(How to complete this task) In your copy of the listing below, reproduce each word exactly and include no pictures.

(Provided material)
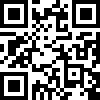 https://mehrnews.com/xWyCn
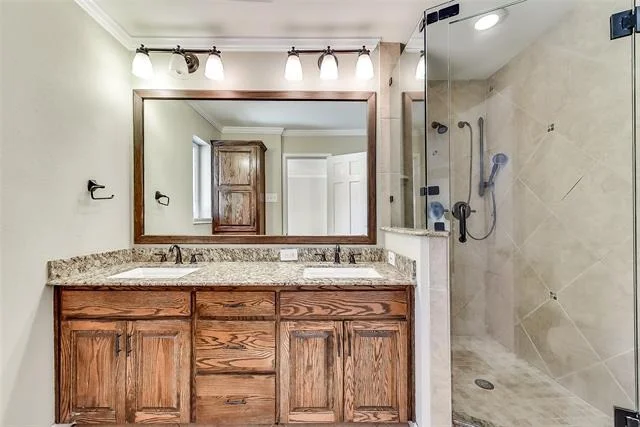 Photo of 10509 Gooding Drive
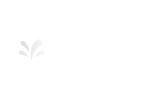 Sprinkl-W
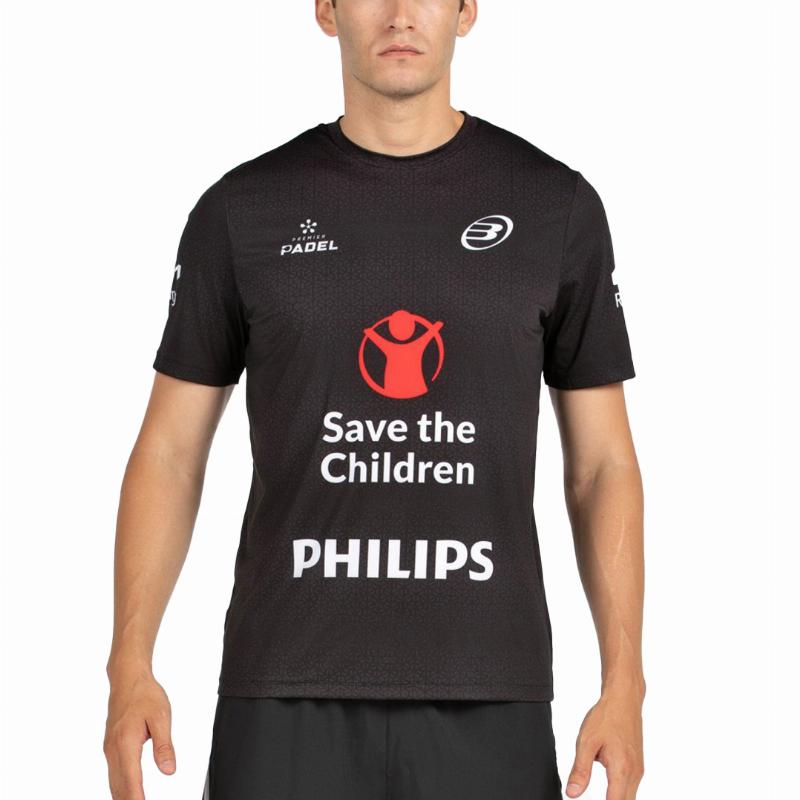 bullpadel-di-nenno-mofero-premier-padel-tshirt.jpg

(Expected output)
 https://mehrnews.com/xWyCn
 Photo of 10509 Gooding Drive
 Sprinkl-W
 bullpadel-di-nenno-mofero-premier-padel-tshirt.jpg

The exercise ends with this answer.